Yesterday Paramount and Warner Home Video released a 4-disc Bluray package containing the perfectly remastered high-def version of The Ten Commandments (originally issued in March 2011) as well as the magnificently remastered Bluray of Ben-Hur (originally issued in September 2011). The Amazon price is $14.99. Bluray discs are often repackaged and remarketed — I get that. But the 2011 Blurays for these large-format ’50s epics were a big whoop-dee-doo and their original prices were fairly high. It seems odd that they’re now comprising a two-for-one Bluray cheapie in the bargain rack.

I’m calling this Bluray Ten Ben. Lo, how the mighty gave fallen.

Warner Home Video’s original 4-disc Ben-Hur Bluray collector’s edition is now going for $39.95 on Amazon, but I think it cost a lot more when it first came out. There’s also a 2-disc Ben-Hur Bluray that’s selling for $10.09. Amazon is now selling Paramount’s original six-disc Ten Commandments Bluray for $66 and change. There’s also a more modest package that came out a year ago, selling for $14.99.

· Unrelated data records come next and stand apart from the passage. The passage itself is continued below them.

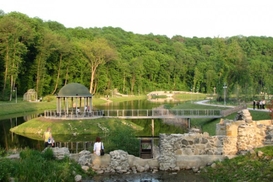 Государственный парк Феофания застраивают нардепы, генералы и церковники - СМИ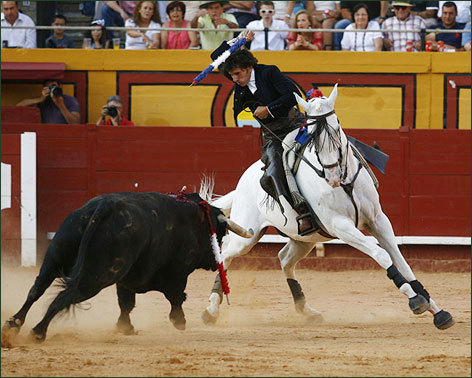Algeciras: otra puerta grande a pesar de no tener toros
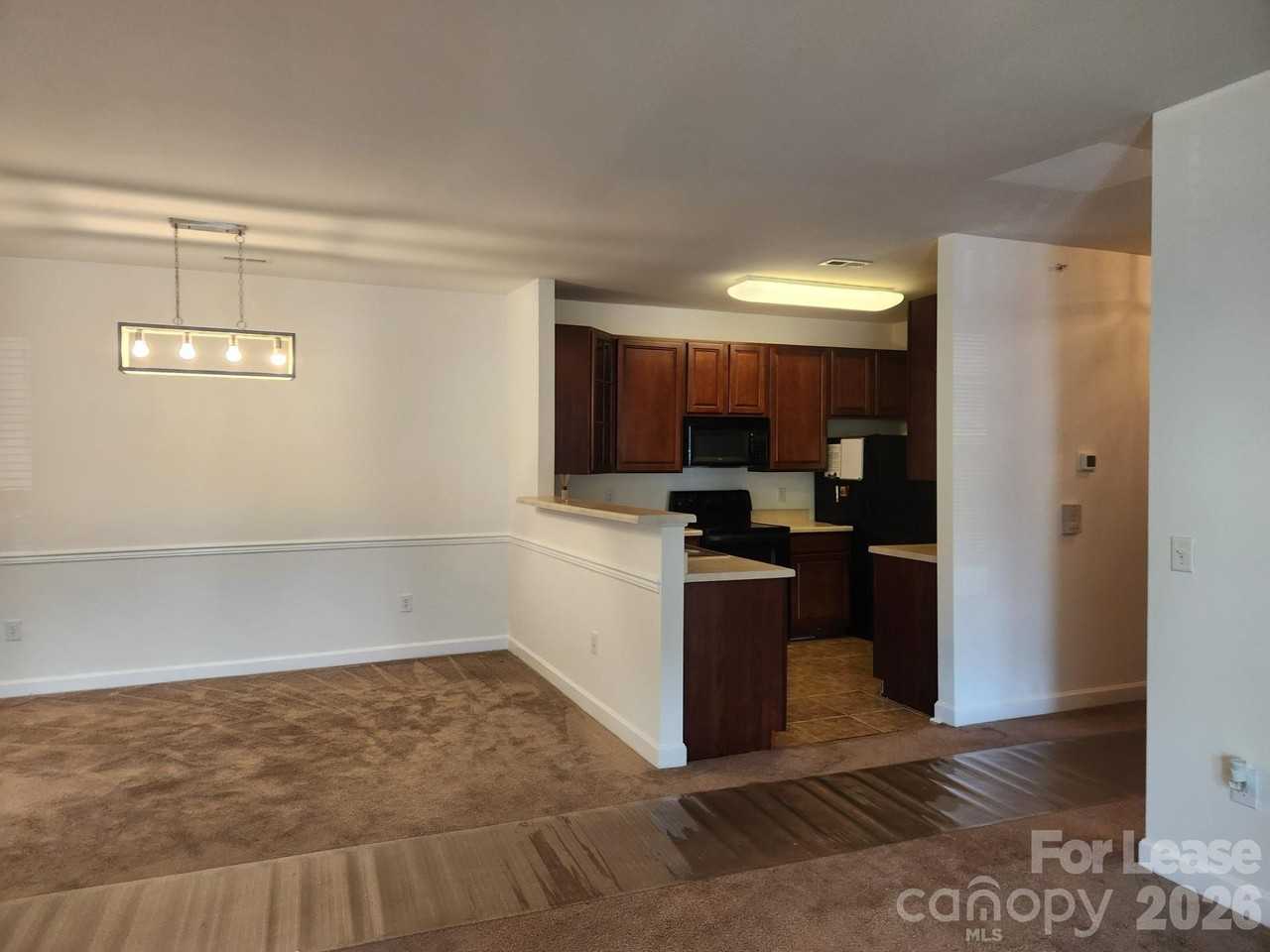 10522 Hill Point Ct - Photo 4 of 18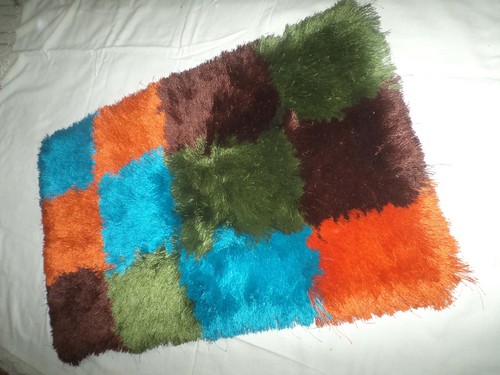 Chequered Shaggy Rugs
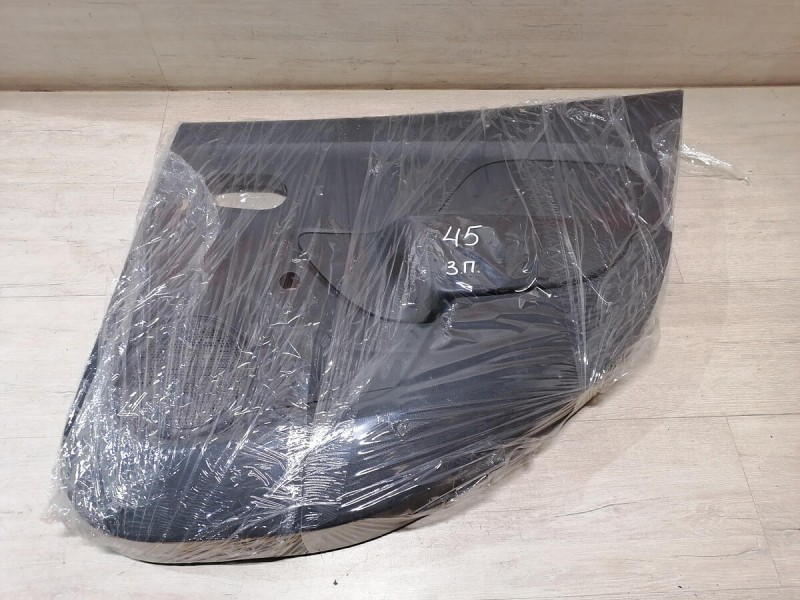 Logan 2 обшивка двери задняя правая мех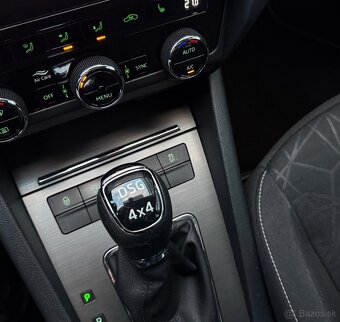 Škoda Octavia 3 III Combi 2.0 TDI 4X4 FULL LED KAMERA R18 - 17
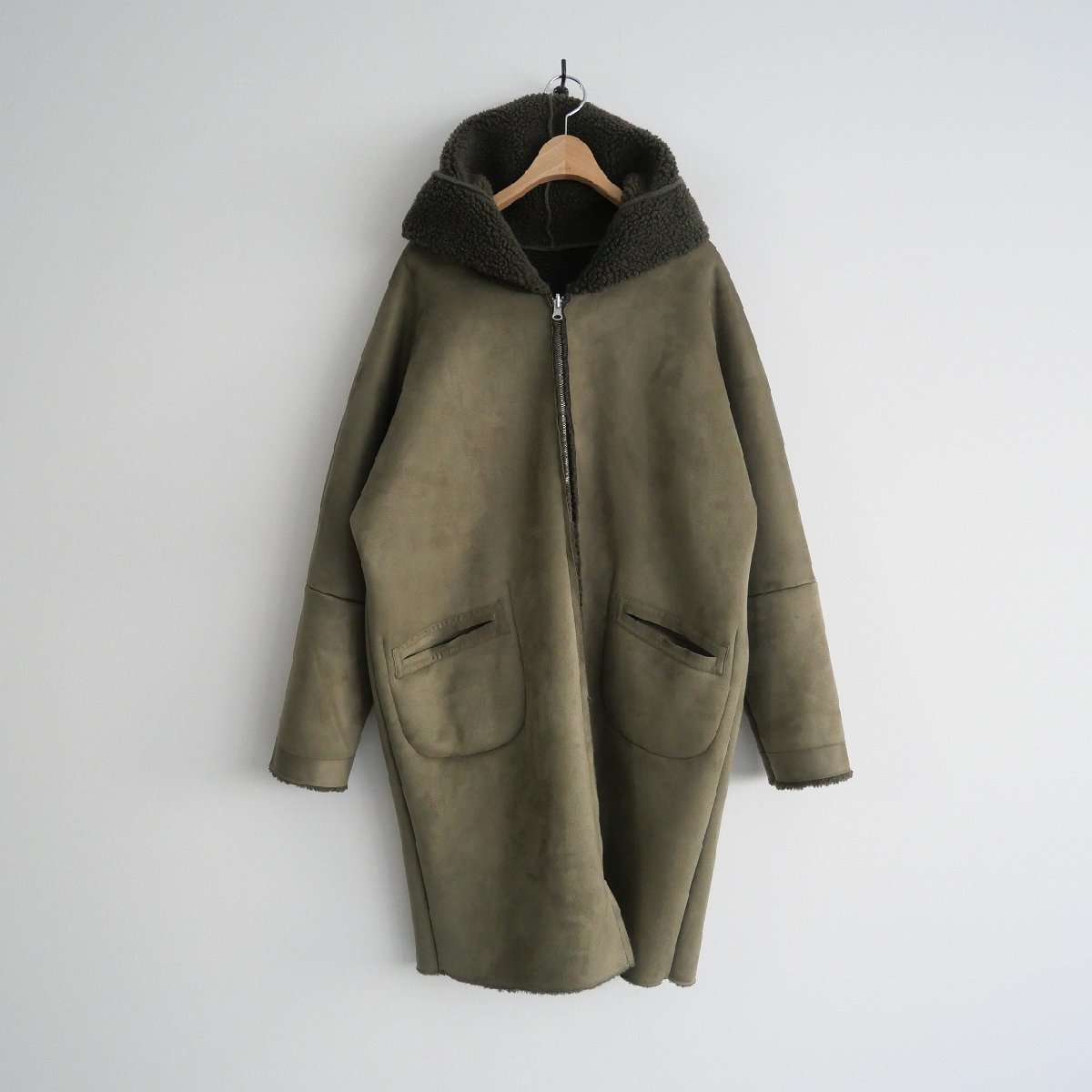 ファッションの Coat Hood Fake Mouton / ルーアンドレア Andrea Lou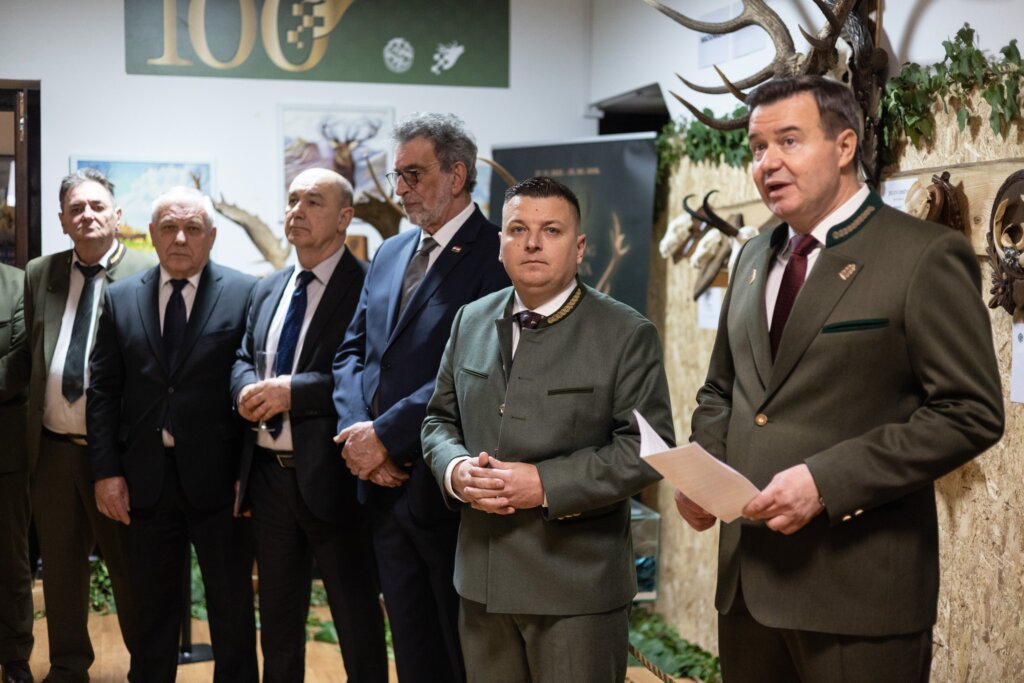 627368707 122228743838144433 4059067558633966348 N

I know, I know — physical media is dead, right? Wrong. Not until digital delivery systems can handle much greater amounts of data in order to provide true high-def versions to Netflix, Amazon, Hulu and other content providers. I realize that 95% of the movie-downloading public doesn’t care if they’re watching Bluray-quality or regular DVD- or analog-broadcast quality, but the minute you start saying “well, what can I do?…the lowest common denominator crowds wants what it wants,” you’re dead. You’ve surrendered your soul. You’ve become a rug merchant.

There’s a moment in Who’ll Stop The Rain when Tuesday Weld‘s Marge says “we can still make a deal!” to Nick Nolte‘s Ray Hicks, and Nolte replies “No! They’re animals! You can’t make a deal with animals!” You have to address the better angels and the finer manifestations. Bluray is heaven, the peak, the way movies should look. To hell with Joe Download and his basement vistas.

I acknowledged the writing on the wall in April 2011 (“End of an Era“) but let us never forget the words of Father Martin Scorsese — “We Have An Obligation.”